ECC for phasing out govt guarantee for Skill Bond | The Express Tribune

ISLAMABAD:

Pakistan’s economic managers have stressed that government guarantee should be phased out to ensure that the Pakistan Skill Impact Bond become self-sustaining and move towards a public-private partnership model.

The matter was taken up in a recent meeting of the Economic Coordination Committee (ECC) while considering a Rs1 billion government guarantee for floating the Pakistan Skill Impact Bond.

During discussion, the committee said that a proposed steering committee should monitor the overall process of issuing the bond. Once the bond was floated, it could be listed, since there was already a provision for that.

The Ministry of Federal Education and Professional Training briefed the meeting that the National Vocational and Technical Training Commission (NAVTTC), established in 2006, was mandated to spearhead the technical and vocational training programme by providing necessary support to the federating units for producing a market-driven workforce. The aim was not only to meet the industrial and self-employment needs but also export the trained manpower to the region and beyond. The Skill Impact Bond is a strategic solution designed to attract private capital for the Technical and Vocational Education and Training (TVET) sector, easing the financial burden on the government. It is expected to contribute significantly to national development by creating a skilled workforce that enhances productivity, reduces unemployment and promotes inclusive and sustainable economic growth.

Considering the fast-changing technological landscape and the need to spur economic growth, the Federal Education and Professional Training Division told the ECC that it was imperative that NAVTTC mobilise additional resources to produce quality human resources by employing global best practices in cooperation with development actors, thereby reducing dependence on public funding.

Countries such as the UK, India, Vietnam and Turkey have also floated Skill Impact Bonds. For instance, India has attracted more than $600 million in foreign investment through these bonds in the education and public health sectors.
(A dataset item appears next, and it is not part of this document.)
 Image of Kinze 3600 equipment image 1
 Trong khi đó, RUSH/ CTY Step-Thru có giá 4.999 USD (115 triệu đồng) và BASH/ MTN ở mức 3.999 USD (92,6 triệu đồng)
The division emphasised that the Skill Impact Bond marked a significant shift from the traditional funding models, transitioning from supply-driven training to demand-driven requirements and from input-based to outcome-based approaches. Risk investors will provide initial capital and receive returns based on the achievement of pre-determined, measurable social outcomes.

The division further said that in the pilot phase NAVTTC, with the assistance of a bank (risk investor), planned to issue the Skill Impact Bond worth Rs1 billion, backed by the government guarantee. Following evaluation on September 4, 2024, The Bank of Punjab was selected as the risk investor, subject to the ECC’s approval.

It was highlighted that the apex committee of the Special Investment Facilitation Council (SIFC) had already approved the sovereign guarantee in its meeting held on February 7, 2024. The proposal for introducing the bond for sustainable skill development and vocational training was also endorsed by the Finance Division. A summary was submitted to the ECC on December 18, 2024, but the committee deferred its decision and directed the Ministry of Federal Education to develop a comprehensive business plan covering all aspects, including the syndication strategy, cash flow and commercial market elements. In compliance, a robust business plan was prepared along with a financial model.